Assignment: Nothing but the lines from the one including "PRZEWÓD INTERCOOLERA SAAB" through the last line of the entries, restated exactly, should appear in the answer; omit the pictures.

Source records
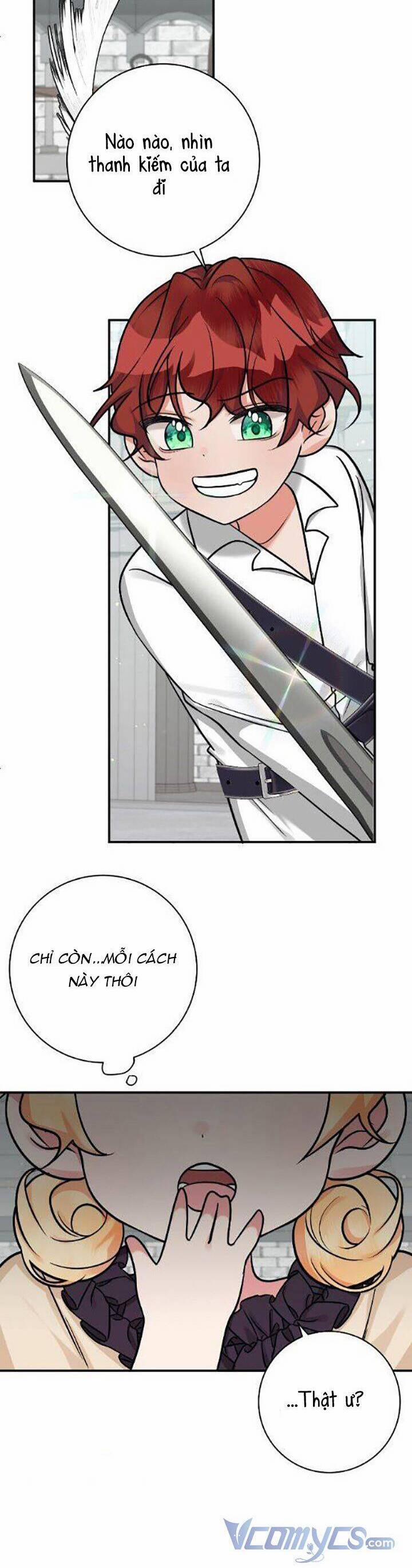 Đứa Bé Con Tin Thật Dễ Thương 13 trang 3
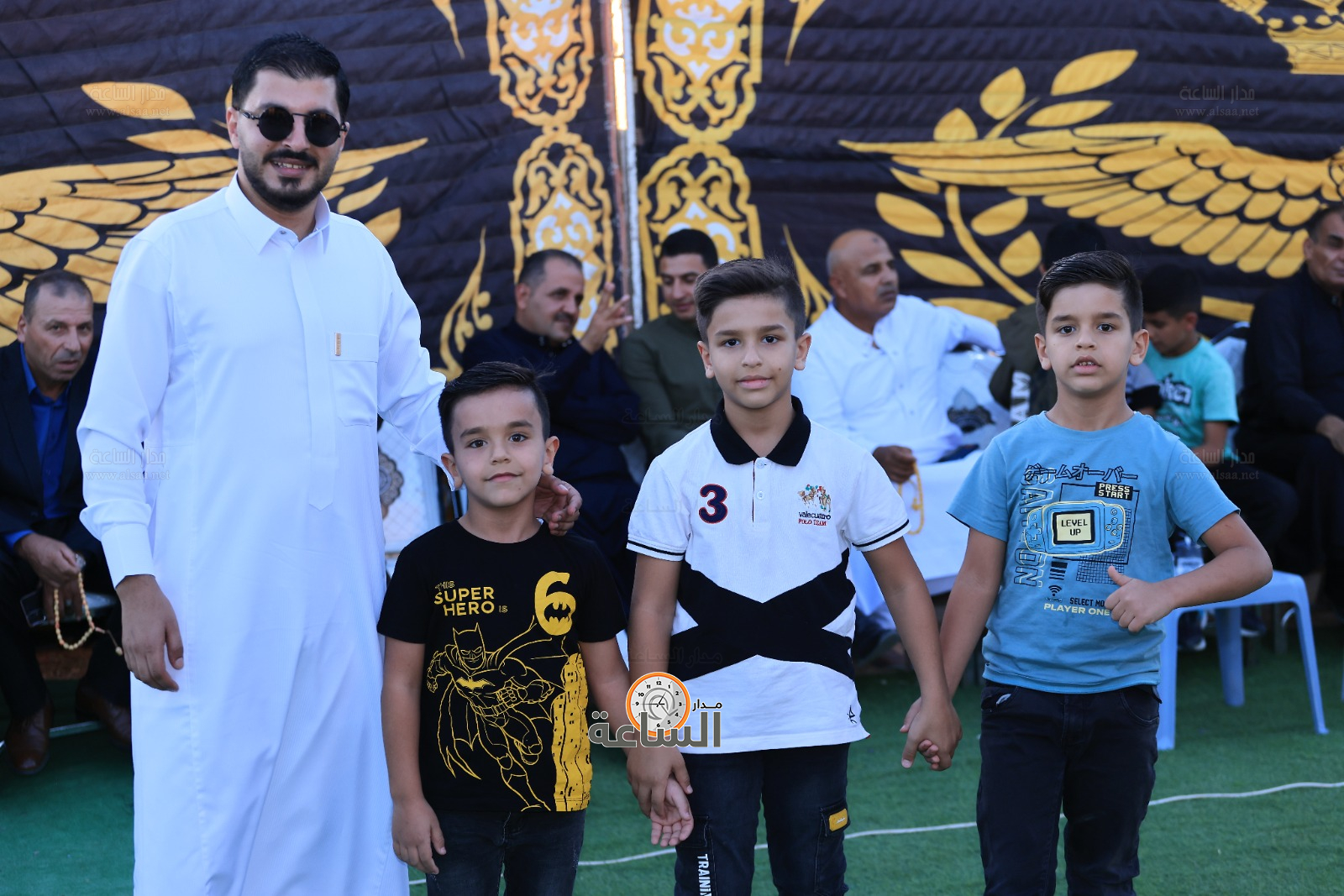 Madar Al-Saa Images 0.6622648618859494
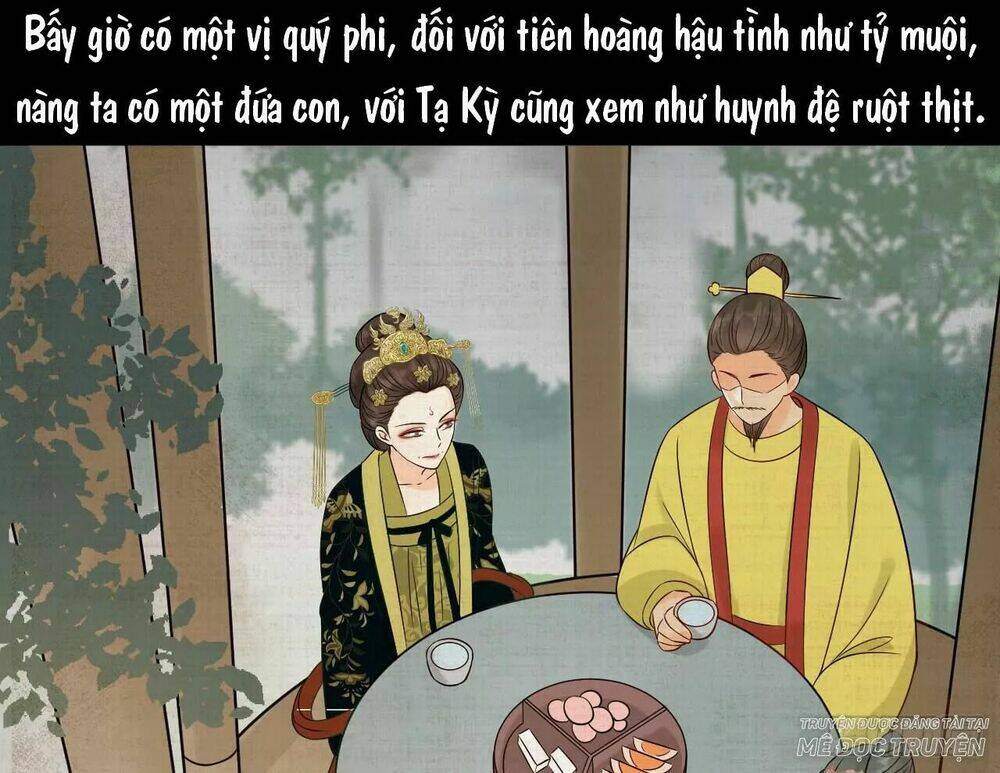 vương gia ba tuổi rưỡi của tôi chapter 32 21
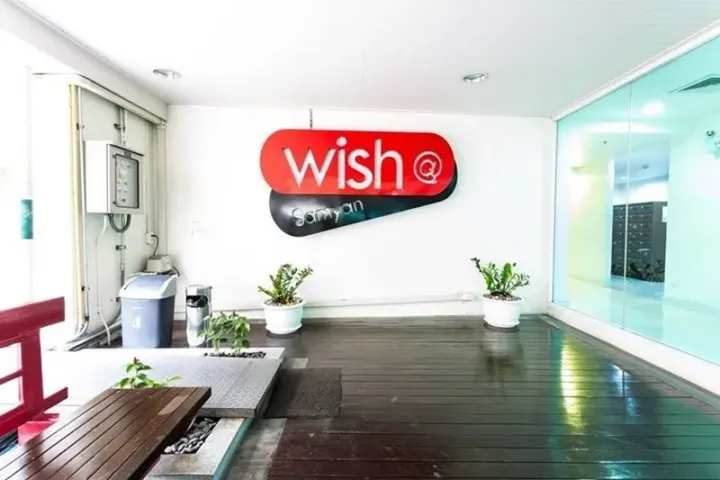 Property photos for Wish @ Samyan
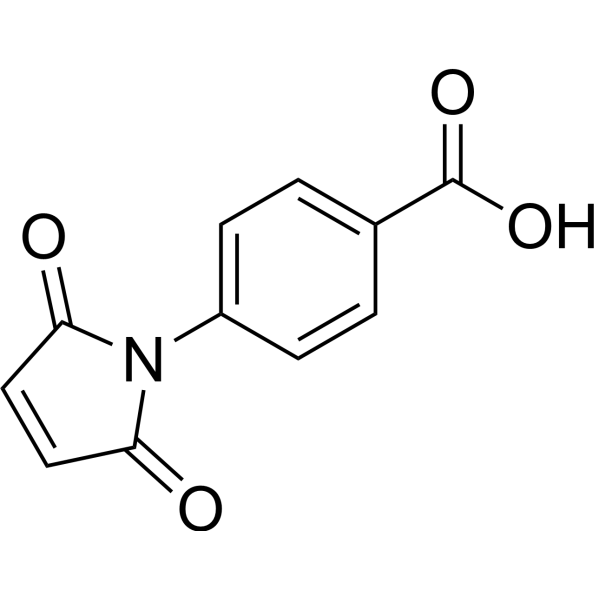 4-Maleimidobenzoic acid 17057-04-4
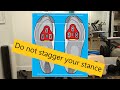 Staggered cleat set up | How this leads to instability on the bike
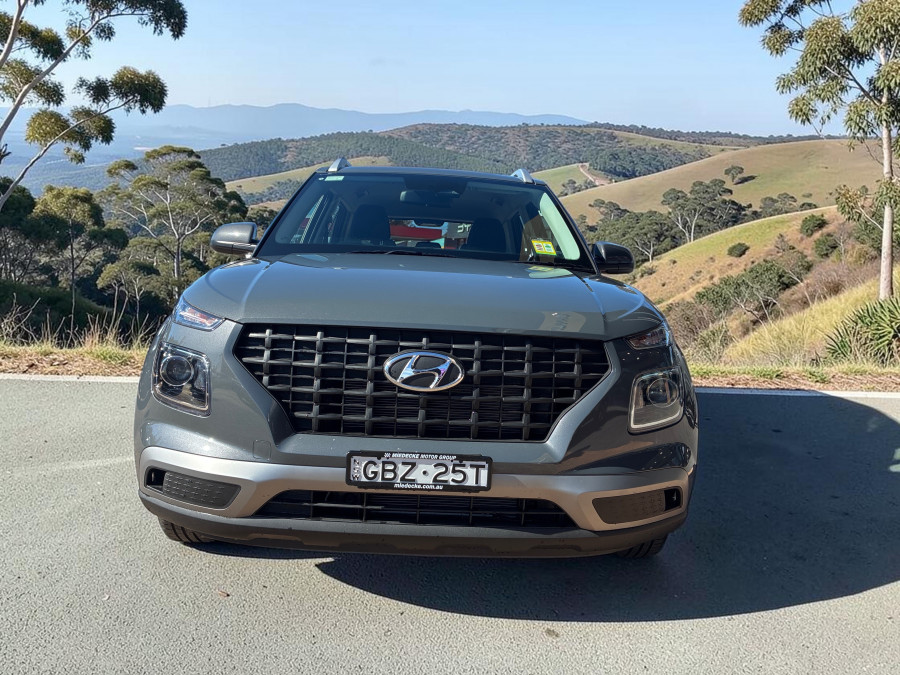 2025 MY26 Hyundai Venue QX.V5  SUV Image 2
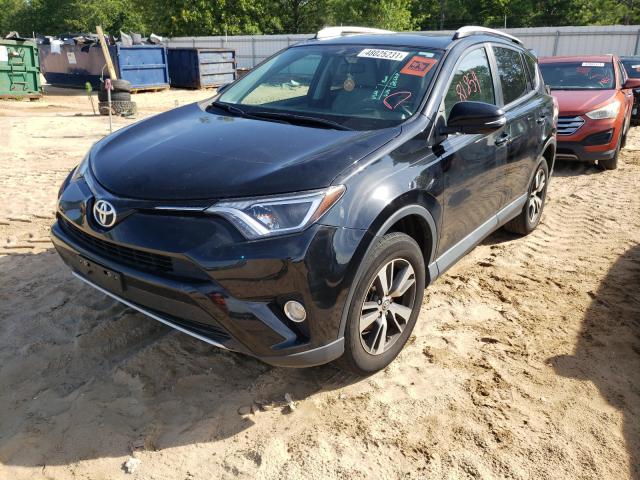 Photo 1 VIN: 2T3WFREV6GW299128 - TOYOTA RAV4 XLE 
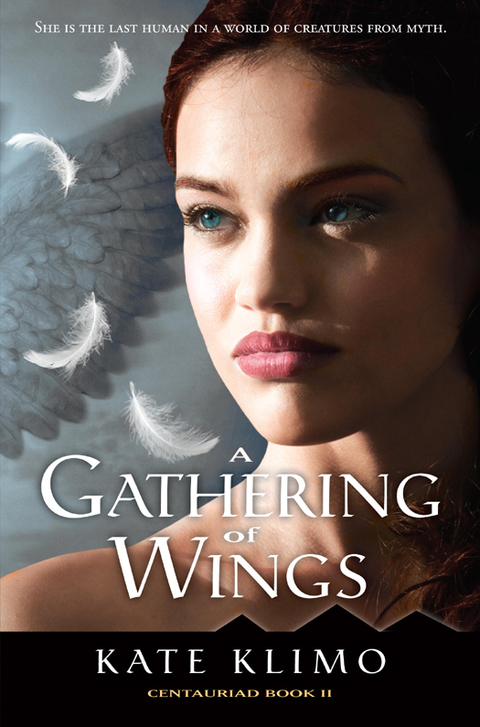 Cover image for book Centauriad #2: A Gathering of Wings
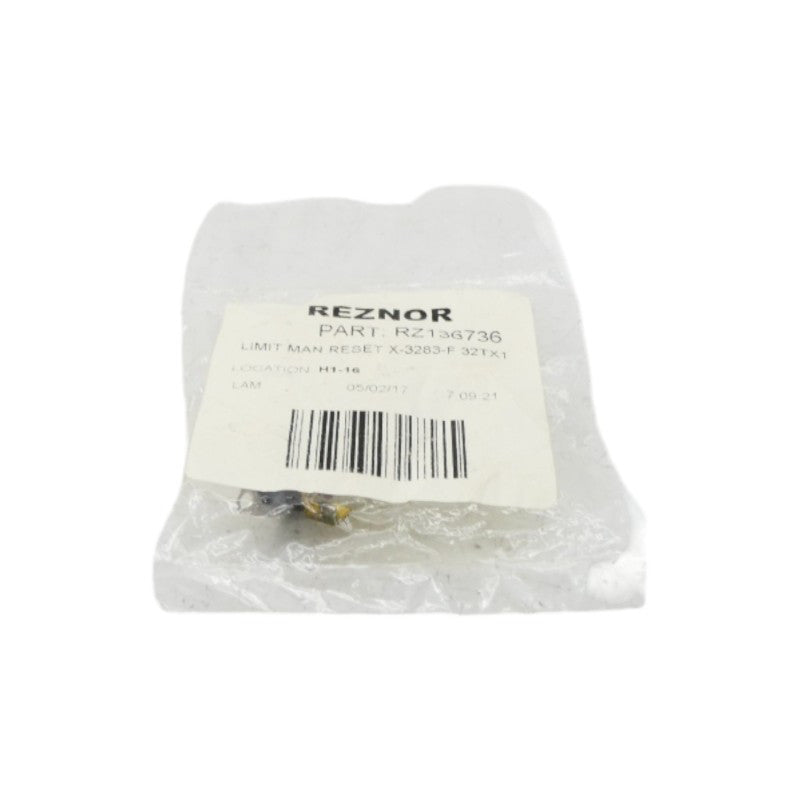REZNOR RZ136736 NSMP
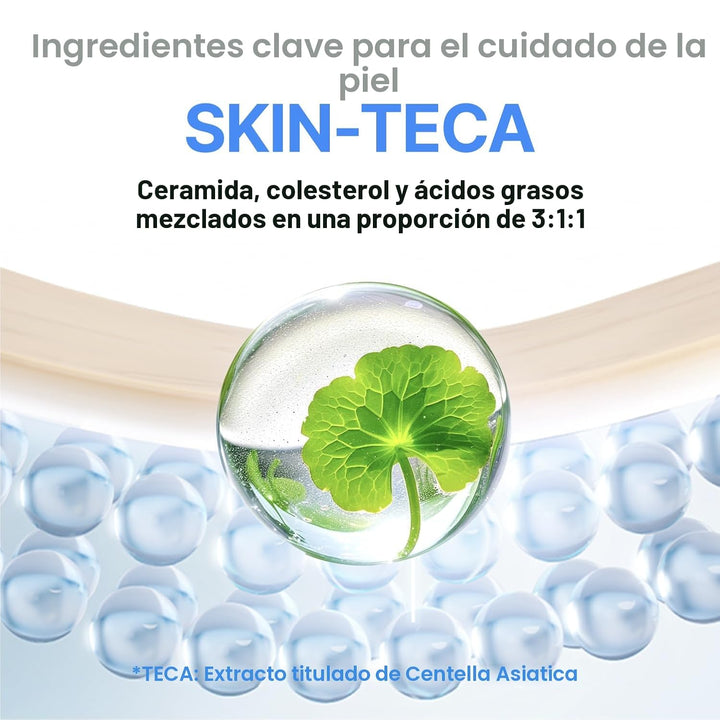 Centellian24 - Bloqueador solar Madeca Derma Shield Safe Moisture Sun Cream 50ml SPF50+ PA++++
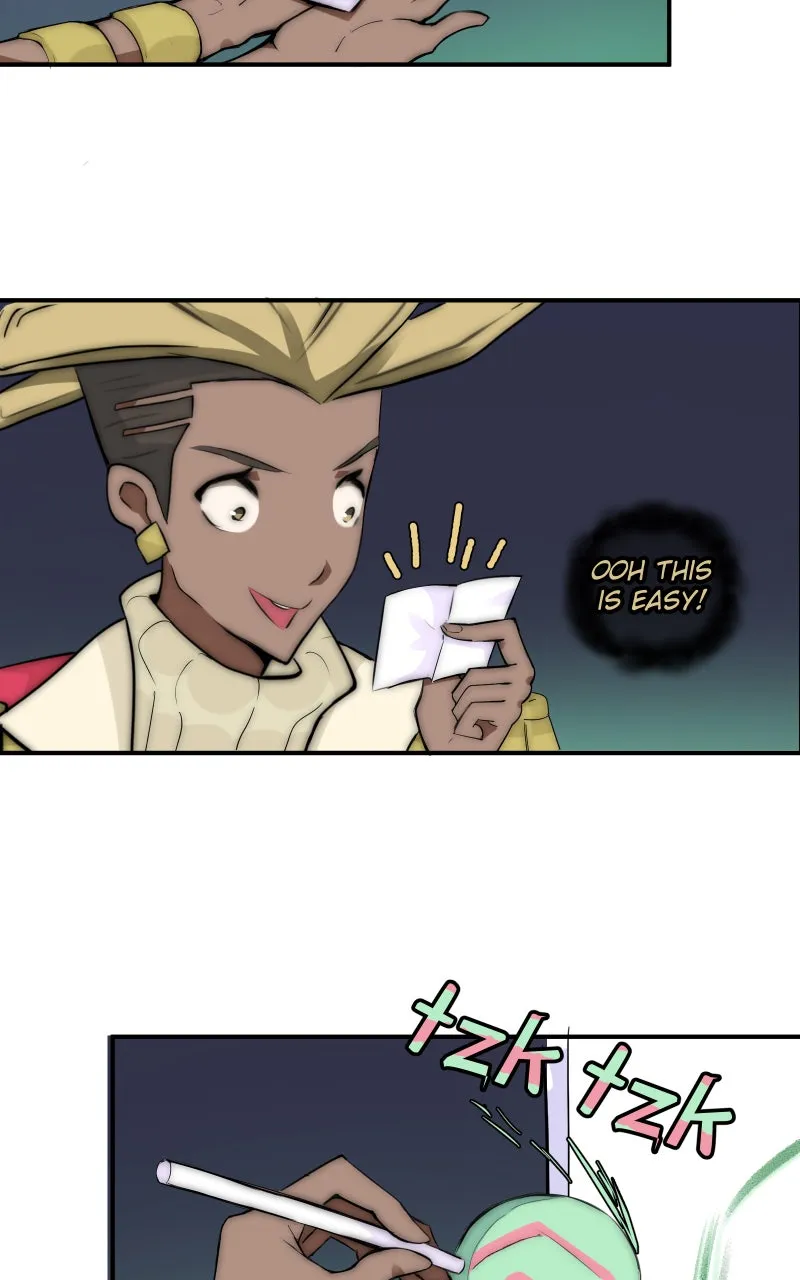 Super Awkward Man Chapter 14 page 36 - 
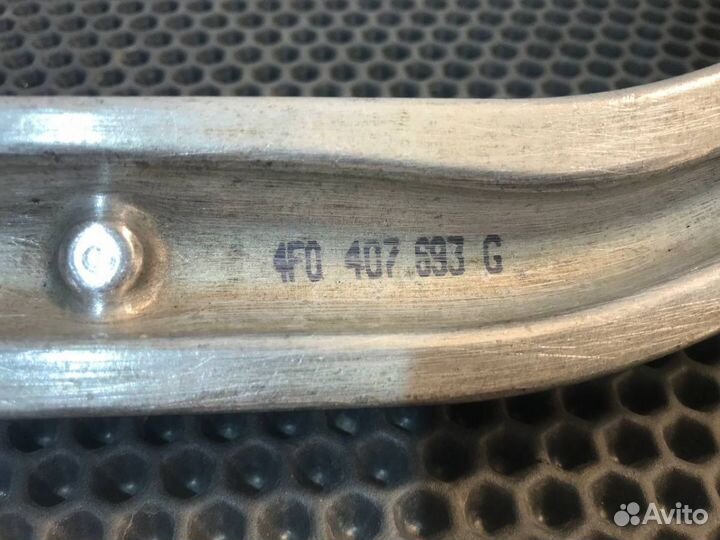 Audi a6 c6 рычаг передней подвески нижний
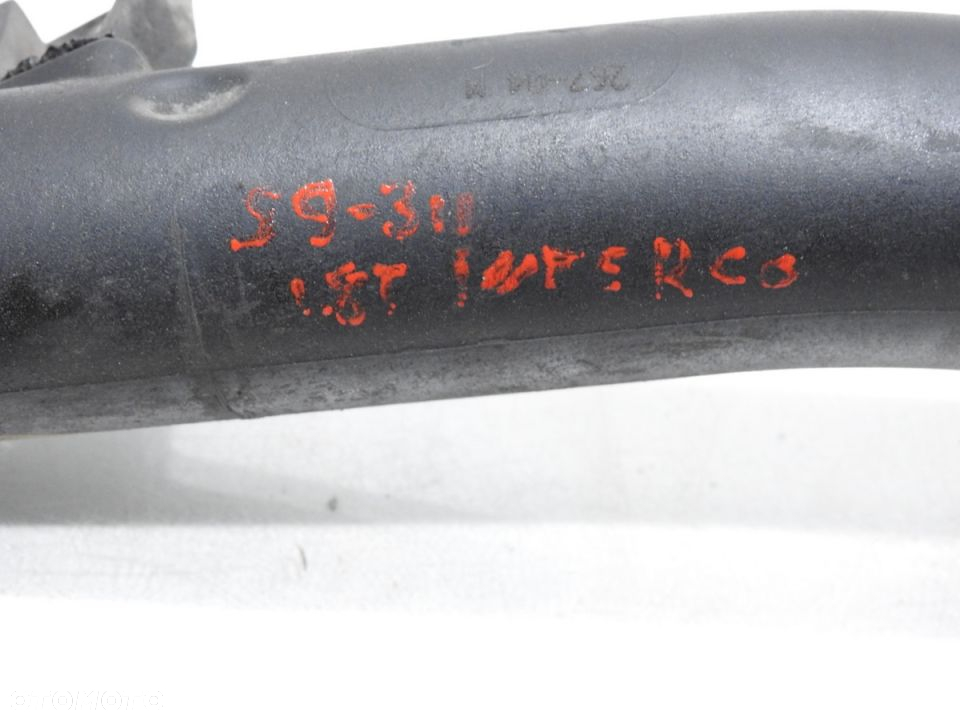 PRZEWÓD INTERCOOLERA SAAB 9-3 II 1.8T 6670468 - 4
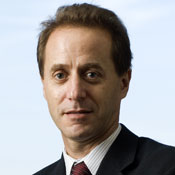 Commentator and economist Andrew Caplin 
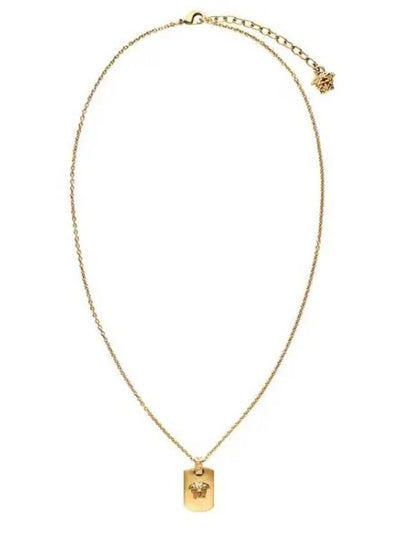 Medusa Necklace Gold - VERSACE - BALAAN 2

Result of the task:
 PRZEWÓD INTERCOOLERA SAAB 9-3 II 1.8T 6670468 - 4
 Commentator and economist Andrew Caplin 
 Medusa Necklace Gold - VERSACE - BALAAN 2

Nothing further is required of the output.